# Friedrichsdorf/Taunus - Suche Trails



## flip_4 (3. April 2014)

Bin seit kurzen nach Friedrichsdorf gezogen und kenne mich hier in der Gegend noch nicht aus.
Letztes We bin ich im Taunus (Richtung Wehrheim) unterwegs gewesen, bin aber leider nur Waldautobahn gefahren, da ich überhaubt keine Trails gefunden habe.

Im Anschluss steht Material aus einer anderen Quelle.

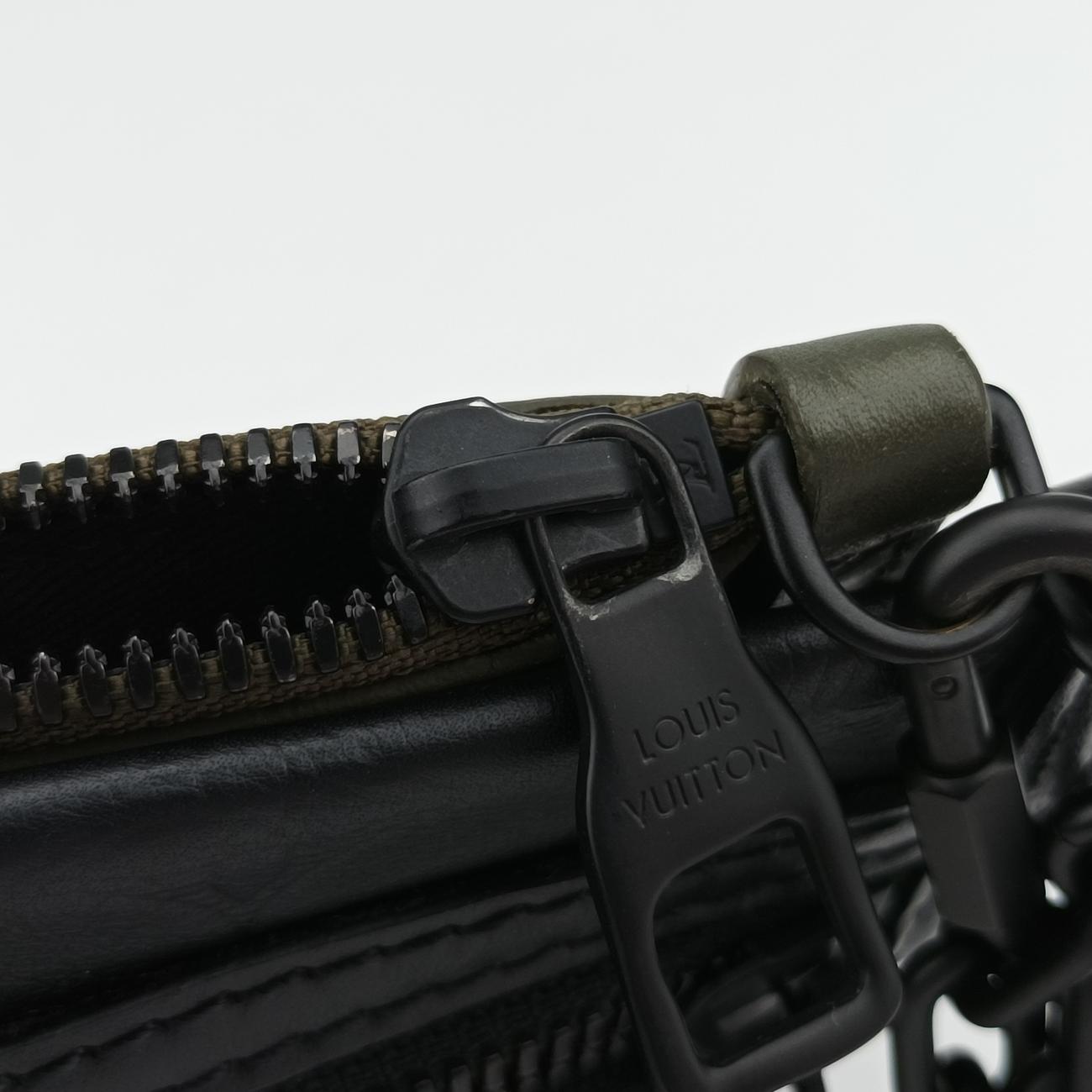 Flat MessengerNoirLeatherM44635CA2109 ICチップフラットメッセンジャーノワールレザーM44635CA2109 ICチップ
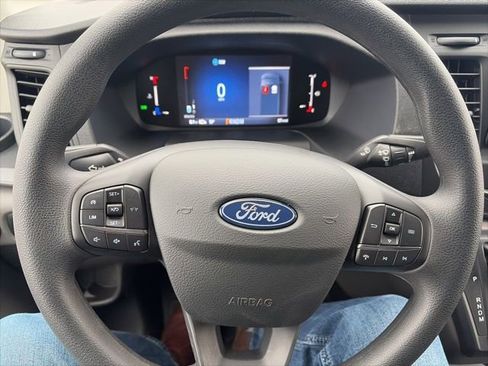 New 2026 Ford Transit 250 148 Medium Roof RWD image 15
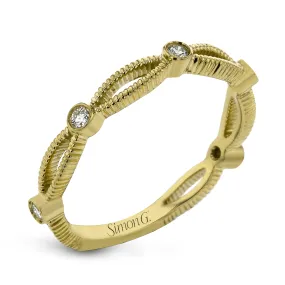 Fashion Ring in 18k Gold with Diamonds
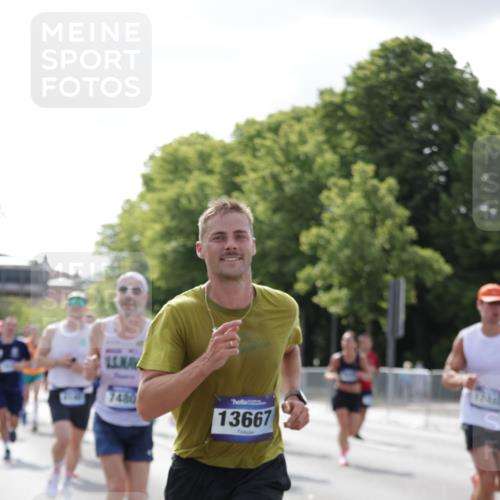 29.06.2025 - hella hamburg halbmarathon Jannik Wohlers http://msf.ph/oto/8234121 29.06.2025 09:53:17 Lombardsbrücke 2270, 2516, 2890, 2937, 3004, 3146, 3186, 3414, 4140, 4247, 4310, 4949, 5115, 5362, 5460, 5532, 5650, 6071, 6282, 6388, 6575, 6903, 7385, 7448, 7480, 9030, 9200, 9626, 9633, 9723, 9965, 11077, 12271, 13009, 13223, 13225, 13667, 14034, 14200, 14262, 14464, 14618, 14619, 14764, 15519, 15851, 16084, 16286, 16549, 16624, 16677, 16766, 17032, 17376, 17384, 17748, 17960, 18066, 18249, 18638, 18678, 18718, 18873, 18922 meine-sportfotos.de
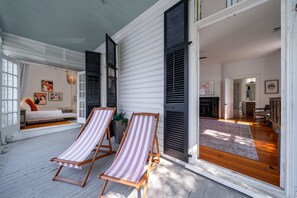 8 habitaciones, escritorio, tabla de planchar con plancha y wifi gratis 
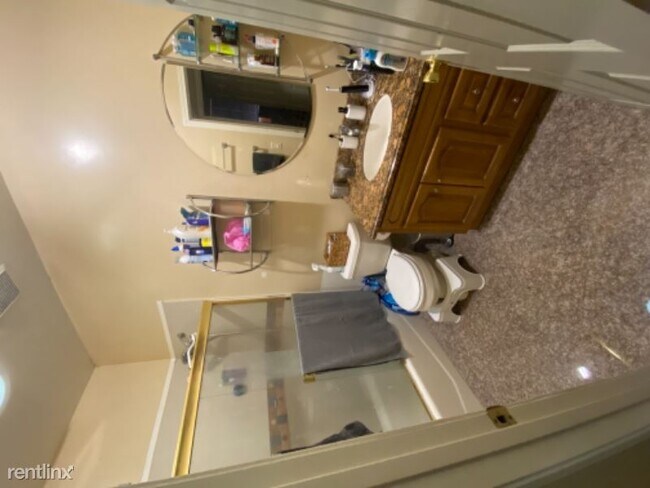 Building Photo - 1 br, 1 bath Townhome - 2025 9th St A Unit A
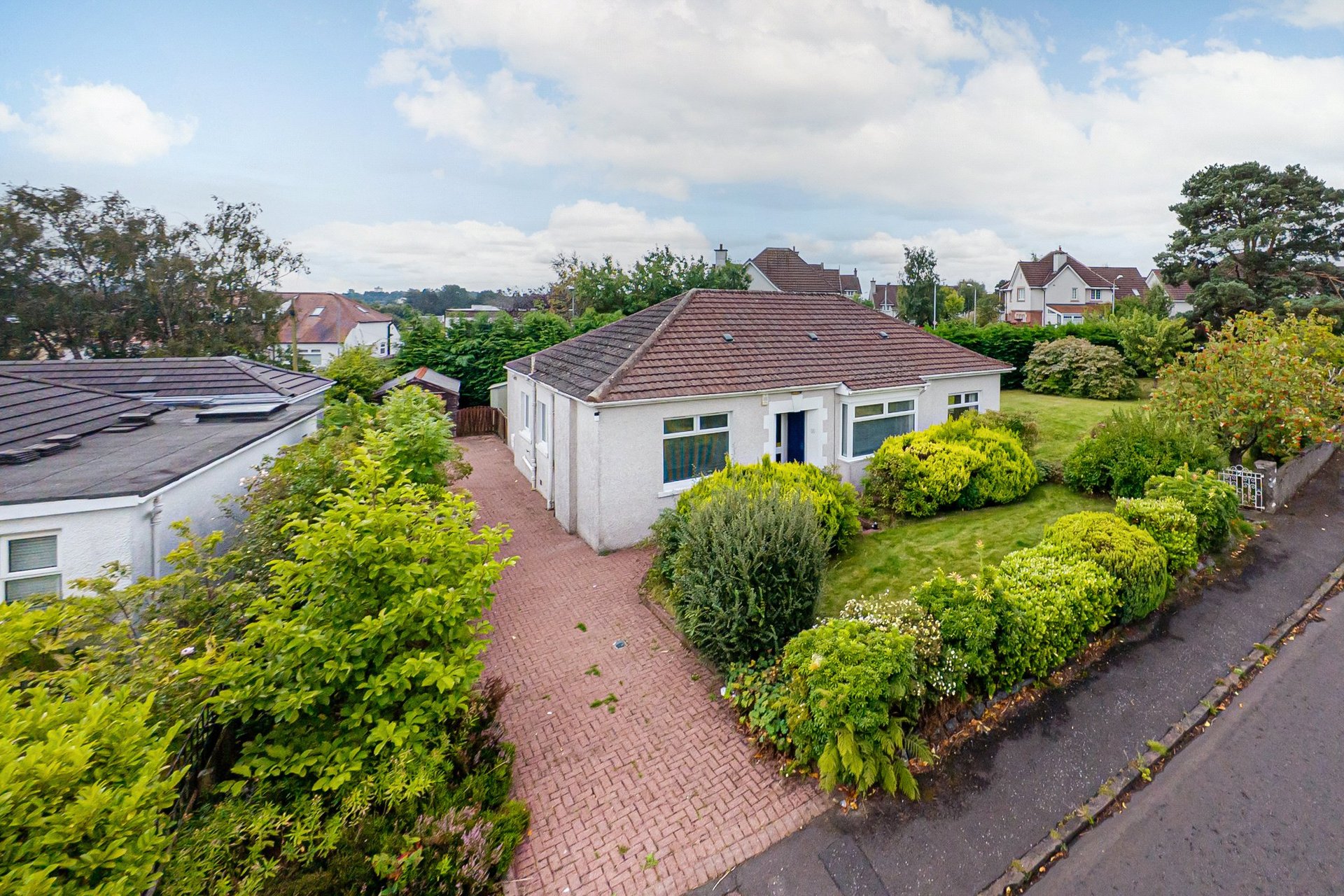 2 Afton Crescent, Bearsden, G61 2PY - Picture #2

Würde gerne mich mal bei jemanden mit anhängen, da ich mich hier überhaubt nicht auskenne. Am besten wären Enduro-Touren aber auch gerne Downhill Abfahrten, falls es sowas hier gibt. 
Unter der Woche Abends ab 5-6 oder am Wochende wäre am besten.


----------



## Asrael (4. April 2014)

Servus!
Ich arbeite in Friedrichsdorf Burgholzhausen, vielleicht können wir unter der Woche mal was starten. 
Ansonsten schau mal hier http://www.mtb-news.de/forum/t/mountainbike-wochenende-taunus.644125/


----------



## MTB-News.de




----------



## Speedskater (9. April 2014)

Moin Moin,

wenn wir in den Taunus radeln, fahre ich normalerweise durch Friedrichsdorf/Burgholzhausen, da könnten wir dich einsammeln und mitnehmen.
Eine Kurze DH-Strecke gibts hier: N50 16,146 E8 37,880 Richtung Süden.

Gruß
Armin


----------



## mishis (10. April 2014)

HI, ich werde am Samstag Morgen in Seulberg starten und, wenn du willst, können wir ein sehr Traillastige Runde durch den Taunus machen. Alle anderen, die Lust und Zeit haben können natürlich auch mit.
Achtung, bin Hardtail Fahrer und manchmal Bergab nicht ganz so flott. Aber um lustig miteinander auf Tour zu gehen immer bereit. Ich kenne mich auch recht gut hier aus.

Gruß Michael


----------